▸ EXERCISE OBJECTIVE:
Set down each line of the data below exactly as it stands, dropping the pictures.

▸ THE DATA:
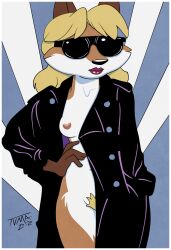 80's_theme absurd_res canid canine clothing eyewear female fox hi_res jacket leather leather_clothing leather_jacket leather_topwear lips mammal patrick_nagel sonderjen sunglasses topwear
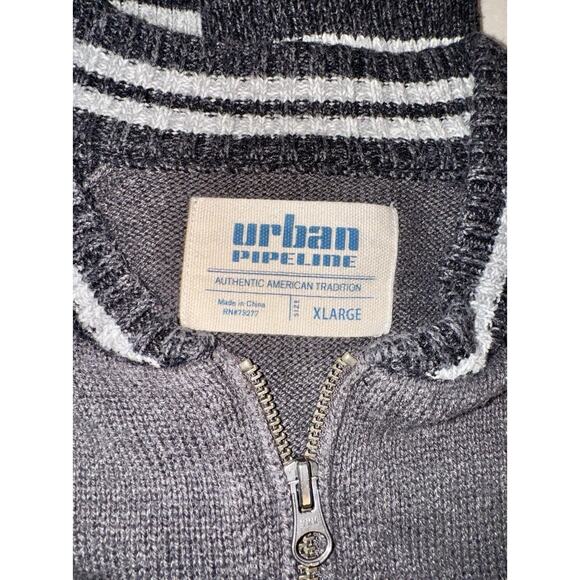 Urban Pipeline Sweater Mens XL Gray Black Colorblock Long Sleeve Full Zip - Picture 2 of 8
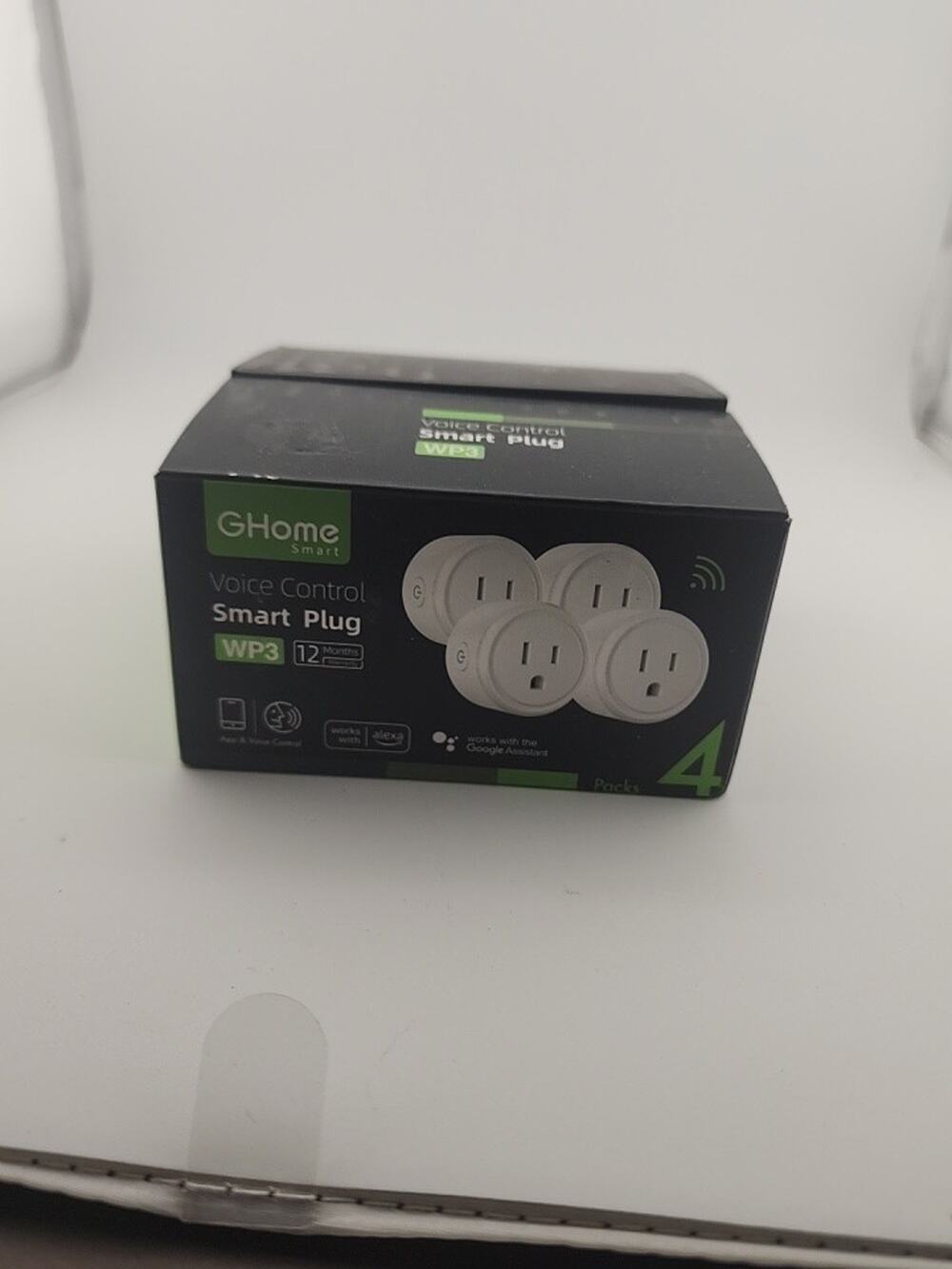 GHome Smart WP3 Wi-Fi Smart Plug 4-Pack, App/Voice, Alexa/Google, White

▸ ANSWER TO THE PROBLEM:
 80's_theme absurd_res canid canine clothing eyewear female fox hi_res jacket leather leather_clothing leather_jacket leather_topwear lips mammal patrick_nagel sonderjen sunglasses topwear
 Urban Pipeline Sweater Mens XL Gray Black Colorblock Long Sleeve Full Zip - Picture 2 of 8
 GHome Smart WP3 Wi-Fi Smart Plug 4-Pack, App/Voice, Alexa/Google, White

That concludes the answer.